**Directions**
Leave every picture out, then reproduce the rest of the listing exactly.

**Given information**
══════════════════════════════

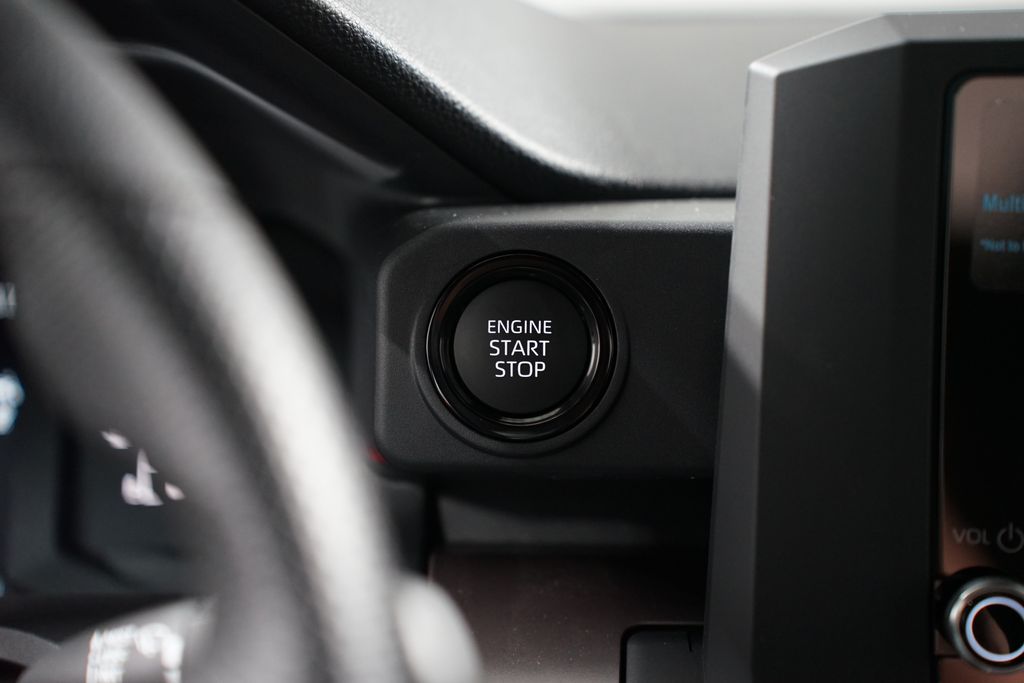 2025 Toyota Tacoma SR5 18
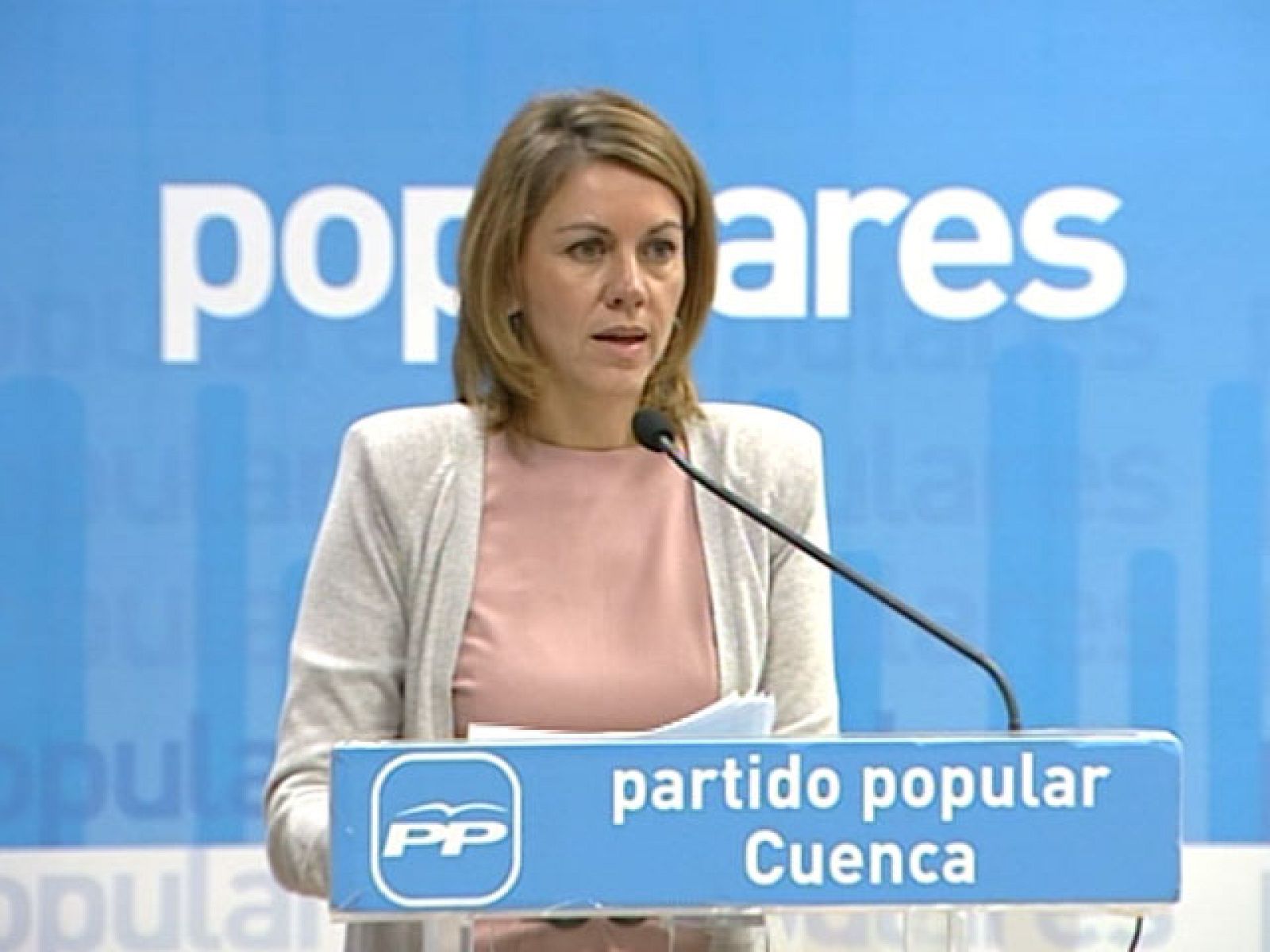 Dolores de Cospedal acusa al PSOE de contratar detectives para vigilar a miembros del PP | Ver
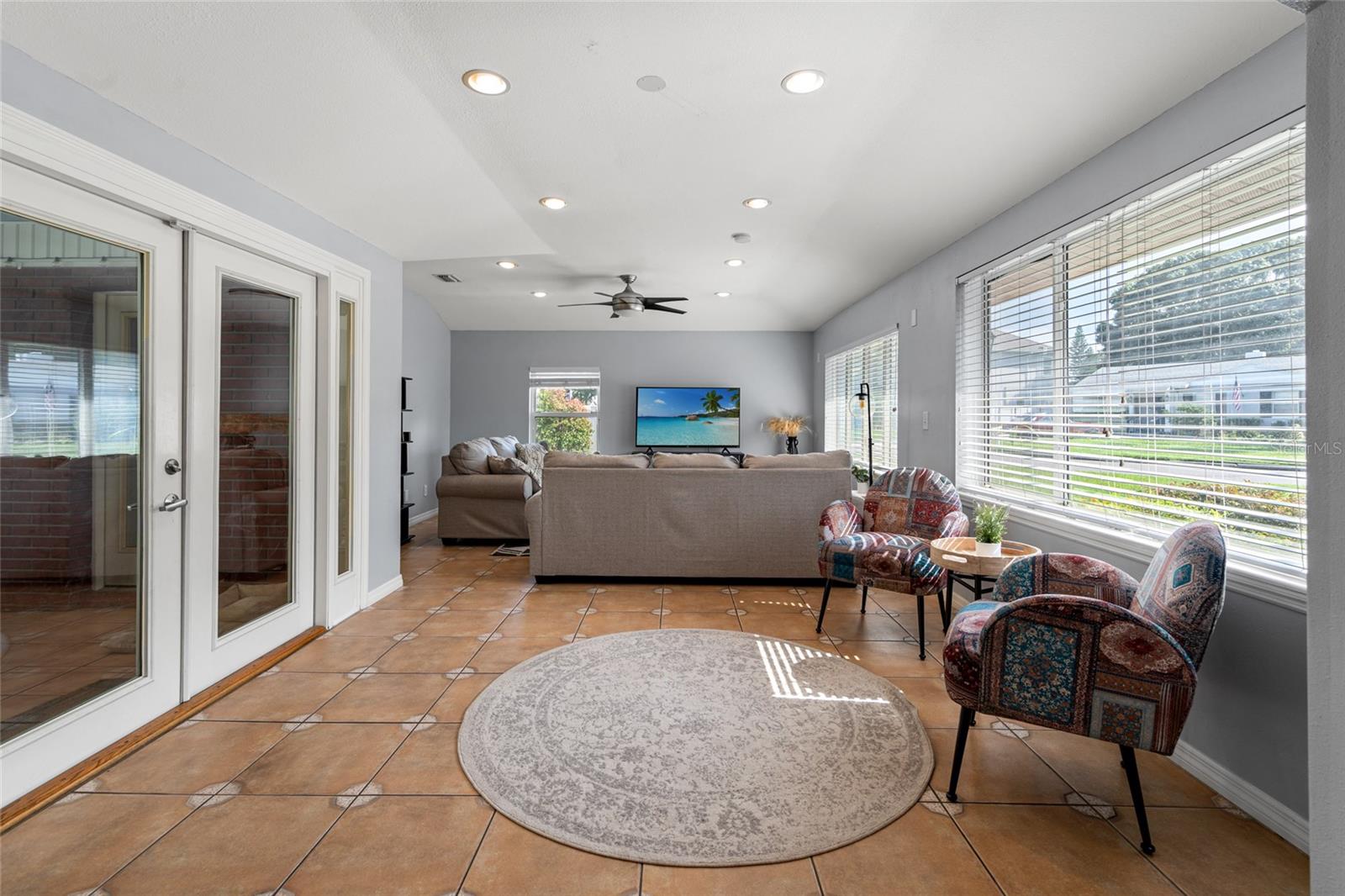 3625 W TAMPA CIR, TAMPA, FL, 33629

══════════════════════════════

**Worked solution**
 2025 Toyota Tacoma SR5 18
 Dolores de Cospedal acusa al PSOE de contratar detectives para vigilar a miembros del PP | Ver
 3625 W TAMPA CIR, TAMPA, FL, 33629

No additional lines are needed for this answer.